No i stało się! O sakramenckiej 6 rano policjanci wkroczyli do domu Władysława F. Celowo używam pierwszej litery nazwiska, bo legendzie "S" postawiono już prokuratorskie zarzuty, a więć nazwisko podejrzanego znajduje się pod prawną ochroną. Tak więc rację mieli ci wszyscy, którzy przez ostatnie lata nieprzytomnie ostrzegali, że nadejdzie taki dzień, kiedy to pisowscy siepacze ruszą na poranne łowy. Już się UBywatele RP zaczęli zwoływać przez media społecznościowe, by przed prokuraturą położyć się plackiem, gdy gruchnęła wieść, iż po 10 minutowym przesłuchaniu Władysława F. wypuszczono na wolność. Jak widać psiowska podłość nie zna granic. Już się Puzon czy też inny Farmazon (uzbrojony w kamizelkę wędkarską), I Alimenciarz III RP, tow. Pałkownik LWP oraz szwagra brata koń, grzali do akcji, gdy prokuratura (tak za nic) puściła Władysława F. do domu. Do akcji włączył się również oberTW, który zaćwierkał:"Wypuść mi Władka, bo nie ręczę za siebie". I patrz pan... wypuścili! Czyli jest awtorytet (dobrze napisane), jest żądanie, jest natychmiastowa reakcja. 

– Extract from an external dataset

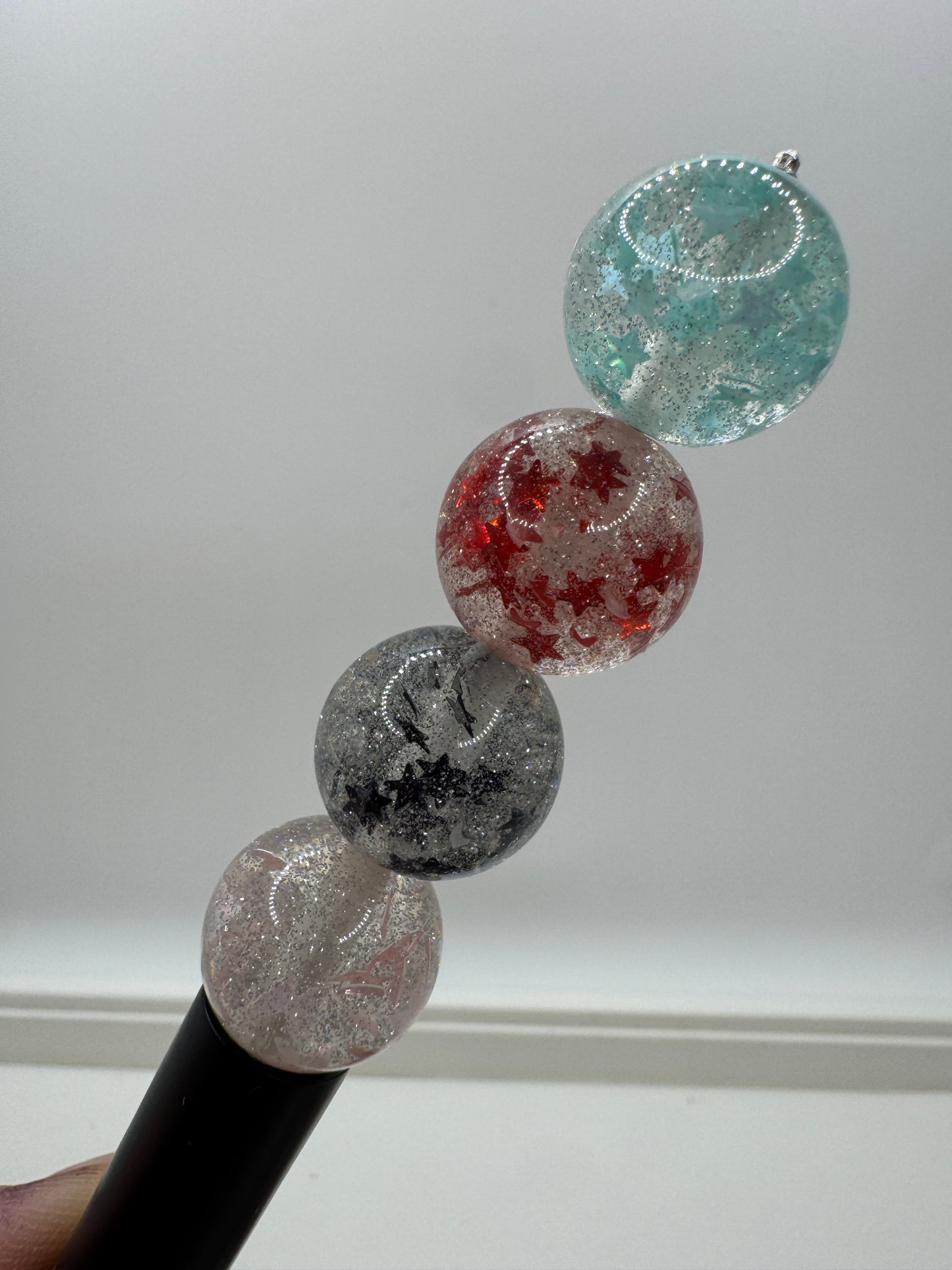 16mm Glittle Star Foil Beads 20pcs.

Teraz na poważnie. Władysław F. nie stoi ponad prawem! Żądanie jakichś specjalnych przywilejów tytułem przeszłych zasług jest deptaniem własnej legendy. Nie moja to sprawa. Natomiast autorytet państwa, to jest już moja sprawa i domagam się od organów ścigania, by każdego obywatela traktować w ten sam sposób, bez względu na to czy ktoś jest clownem, czy też szefem dużej firmy transportowej. Nie chcę żyć - jak to określił jeden z polityków Kukiz '15 (opisując 8 lat rządów PO/PSL) - w państwie z płyty i paździerza. 
Jeżeli więc Władysław F. dopuścił się przestępstwa, to sąd powinien go skazać. Jeżeli nie - to ma go uniewinnić. Od ferowania wyroków nie są ani politycy, ani media, ani też inne awtorytety (dobrze napisane) "wyhodowane" przy Okrągłym Stole.